Há um versículo interessante na história do Rei Yoshiahu. Após encontrar o Sefer Torá, ele falou para os Cohanim e Leviim: “Agora vão e sirvam Hashem, seu D'us, e o Seu povo, Israel” (Divrei Haiamim II 35:3). Mas o que significa servir a D'us e ao Seu povo? Explica o Netziv que após os terríveis reinados de Menashé e Amon, reis que vieram antes de Yoshiahu e que levaram o povo judeu aos caminhos da idolatria, os únicos que haviam conseguido manter um nível espiritual elevado eram os Cohanim e os Leviim. Por isto, eles acabaram se refugiando em seu próprio mundo, para evitar o perigo da assimilação que os rondava. Eles dedicavam-se ao seu próprio crescimento espiritual e à sua conexão com D'us, mas negligenciaram a espiritualidade do resto do povo. Yoshiahu quis dar a eles um forte recado após encontrar o Sefer Torá. Ele os estimulou a mudar de comportamento e, a partir daquele momento, dedicar suas energias para espalhar a Torá entre aqueles que estavam tão afastados e desconectados.
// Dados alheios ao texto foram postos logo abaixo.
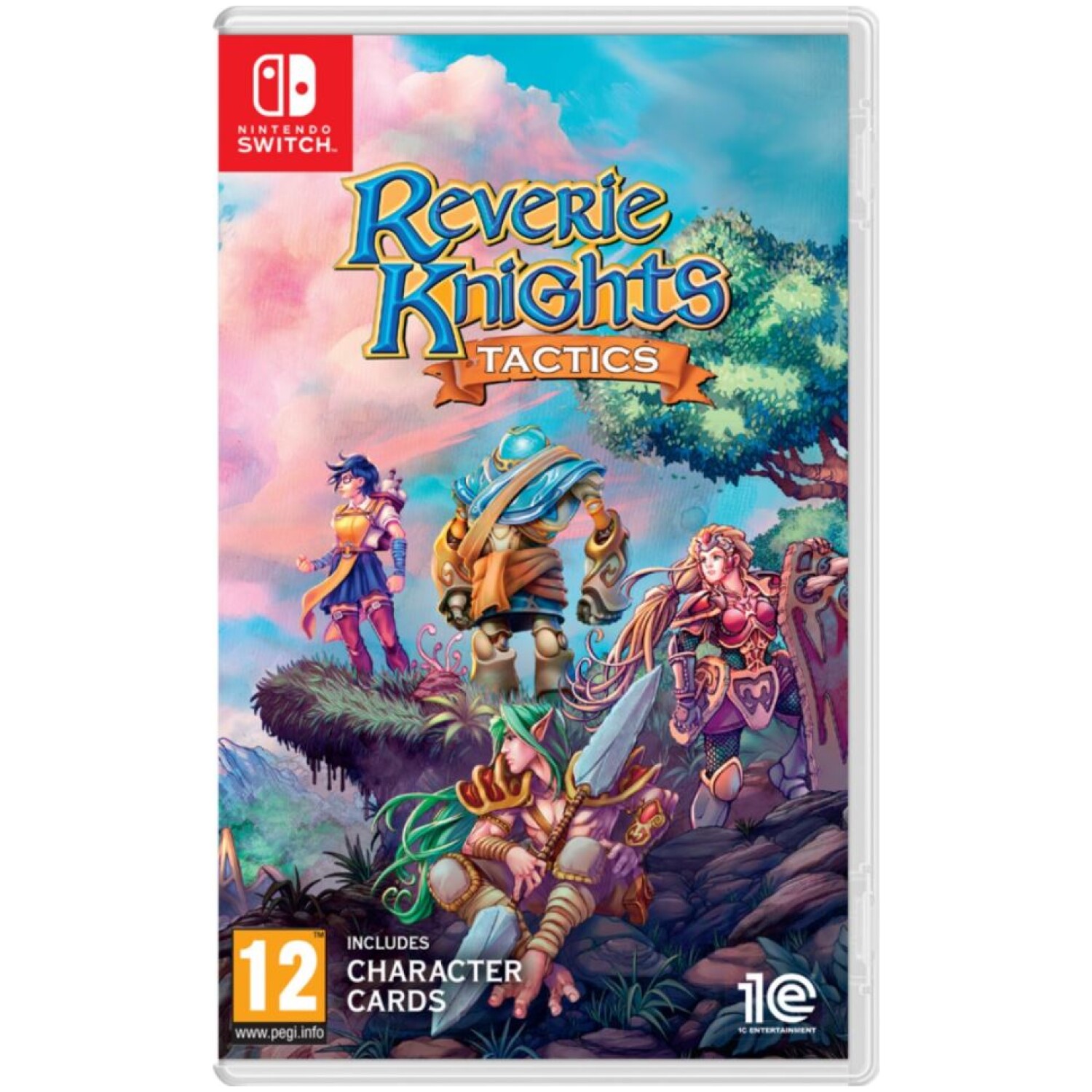 Reverie Knights Tactics (Nintendo Switch)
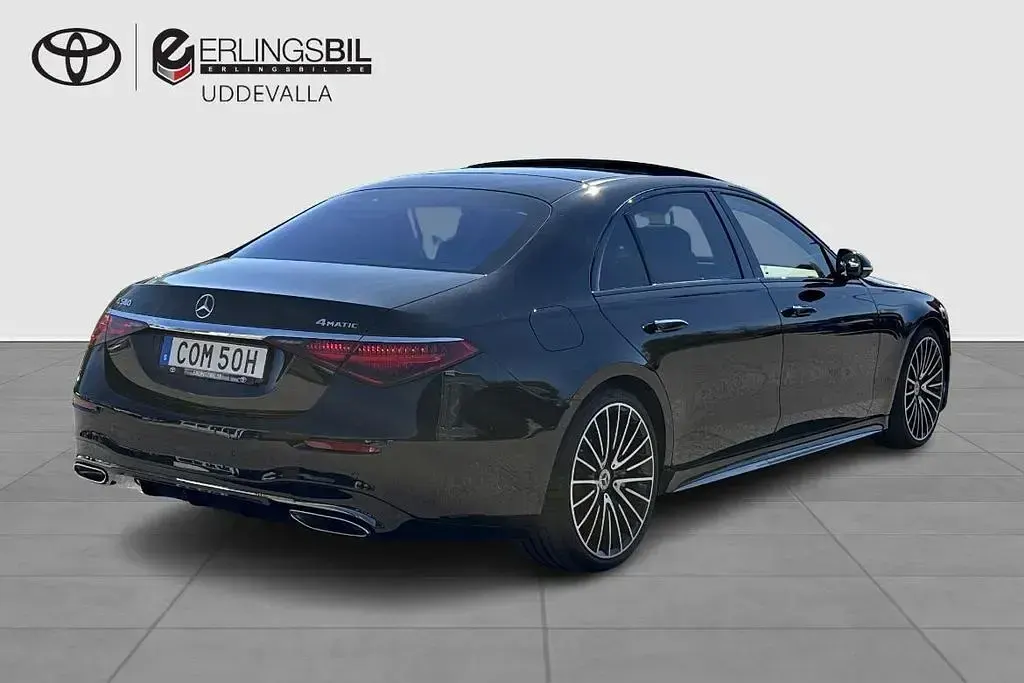 Gebraucht Mercedes S580 503 PS (369 kW) 2025 Schwarz Limousine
E o Rei Yoashiahu ressaltou que, ao servir o povo judeu, ao mesmo tempo eles estariam servindo a D'us, pois certamente esta era a vontade Dele naquele momento.

Se aquele que não se importa com a espiritualidade dos outros entra na maldição contida nesta Parashá, o contrário também é válido, e todo aquele que se esforça para influenciar positivamente os outros para que aumentem sua observância da Torá e das Mitzvót recebe um grande louvor de D'us. Um exemplo de dedicação ao próximo aprendemos com o Rav Isroel Meir HaCohen (Bielorússia, 1838 – Polônia, 1933), mais conhecido como Chafetz Chaim. Ele não se preocupava apenas com o seu próprio serviço Divino, ele estava sempre preocupado com a espiritualidade dos outros. Certa vez, quando estava viajando pela Letônia, o Chafetz Chaim chegou a uma cidade chamada Riga. Lá havia uma grande comunidade judaica, mas completamente assimilada, que não cumpria as Mitzvót da Torá. Durante sua estadia de três semanas, o Chafetz Chaim fez tantos esforços que conseguiu convencer 300 judeus a não abrirem suas lojas no Shabat. Em outro momento ele escutou que alguns soldados judeus, por estarem no exército, comiam pão em Pessach. Ele ficou tão triste que criou um “Fundo para cozinha Kasher”, para fornecer comida Kasher àqueles que iam para a guerra, e pessoalmente recolheu dinheiro para isso. Ele também entrava em contato pessoal com os soldados, para tentar influenciá-los a cumprir as Mitzvót. E quando grupos de soldados passavam pela sua cidade, Radin, durante o verão, o Chafetz Chaim carinhosamente os convidava para um verdadeiro banquete em sua casa, recebendo-os com amor paternal e encorajando-os a crescer espiritualmente.

Existem várias maneiras através das quais podemos ajudar outros judeus a estarem mais conectados com sua espiritualidade. Pode ser dando aulas, estabelecendo novos centros de estudo de Torá, ajudando a manter os centros de Torá já existentes ou simplesmente se aproximando das pessoas mais afastadas da Torá e convidando-as, por exemplo, para uma deliciosa refeição de Shabat.

Se o Rei Yoshiahu e o Netziv já ficavam tão preocupados em suas gerações, maior ainda é a nossa responsabilidade, em uma geração na qual os números da assimilação chegam a mais de 70% em vários lugares do mundo. Apesar de não nos sentirmos preparados, devemos saber que não estamos isentos de participar nesta importante missão. Se acreditarmos no nosso potencial e, mais ainda, assumirmos a nossa responsabilidade na continuidade da Torá, certamente D'us nos ajudará e teremos muito sucesso em trazer de volta aqueles que estão tão afastados de sua espiritualidade. Além de ajudar outras pessoas, estaremos garantindo mais Brachót para as nossas vidas.